Superintendent Glenn Parker described the conflict between the city’s Black adolescents and the school administration earlier in 1969 as a rebellion.
Only after years of concerted and tenacious efforts to bring about change did the violent action that took place in June 1969 come to pass.
You link the violent protests in June 1969 with a 1968 state decree that the Harrisburg School District desegregate its schools by using education as a connecting thread. What connection do they have?
The Pennsylvania Human Relations Commission effectively legislated something novel when it ordered the school district to desegregate.
The assassination of the Rev. Martin Luther King Jr. shortly after the mandate indicated to many in the Civil Rights Movement that his strategy had not worked.Around the country, protests erupted, and in Harrisburg, activists pushed the school administration to address classroom discrimination, employ more Black teachers, and include Black history in the curriculum.
The district avoided taking significant action on the issues raised by the students and community stakeholders while attempting to avoid taking significant action on desegregation. Students rebelled as a result of this inaction, and the district used this revolt as justification for more inaction, arguing that they were unable to submit a desegregation plan since the students were rebelling over issues that the integration mandate was intended to resolve.
Lastly, Mary Yancey, the woman at the heart of the June events, stated that she was inspired to protest by her former students.
Your analysis of Mary Yancey, the protagonist of the June 1969 uprising, is among the most illuminating aspects of your thesis. Why is she significant, and who was she?
Mary Yancey was a dedicated mother, public worker, educator, and activist. Finding that information required some research because the newspapers at the time only covered her arrest, protest, and prosecution for inciting rioting. Although they noted that she had taught in the past, only one piece in The Evening News attempted to tell the story from her point of view.
I met local historian and community member Calobe Jackson Jr. through the Harrisburg NAACP, and she informed me she was a good-natured troublemaker. Richard James, an activist whom he introduced me to, claimed that to know Mary was to love her.
The neighborhood was shocked when Mary was detained for disorderly conduct and then allegedly abused by the police while in detention because the Yanceys were a major part of the town.
Mary was able to organize a protest with 200 people in less than 48 hours, demonstrating her connections with local activists. She released Rocked in the Cradle of the Deep, a family autobiography, before to her passing. The stories describe the history of her family’s interracial relationship, which Mary obviously loved.
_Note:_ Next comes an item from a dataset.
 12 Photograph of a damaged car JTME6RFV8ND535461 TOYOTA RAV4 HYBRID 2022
It is filled with actions of resistance and overcoming overwhelming barriers to bring about change.
Would you like people to know anything more about this historical occasion in Harrisburg?
I entered this study expecting to find some concrete proof of how my grandmother would have felt about these incidents, but instead I realized how awful this time was for the city.
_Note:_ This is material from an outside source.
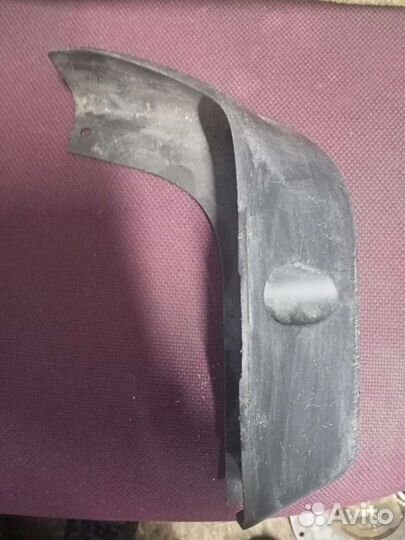 Брызговик задний правый Mitsubishi Outlander 3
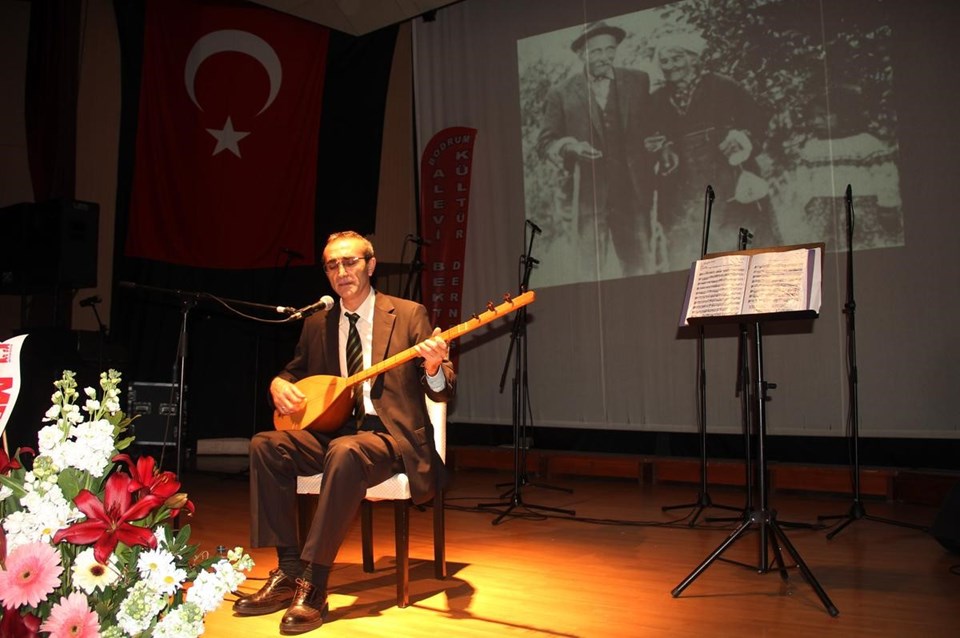 Anma konserine ilgi gösteren Bodrumlu sanatseverler, türkülere eşlik etti.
For some who believed it was unneeded, incremental change was too much, but it wasn’t enough to break generations of passivity.
In the 1960s, Harrisburg began to lose its white population, and this trend persisted throughout the 1970s.
Looking back, it seems that leaving was simpler than dealing with the structural problems that had been brewing for more than a century.
It’s critical for me to recognize that, despite my extensive knowledge of this time, I cannot claim to be an expert on it. The folks who lived the narrative are the ones who own it. I would love to hear from those who can speak to it in a manner that I will never be able to, and I want to continue my investigation this time in Harrisburg. If you would want to share anything, please send me an email at [email protected].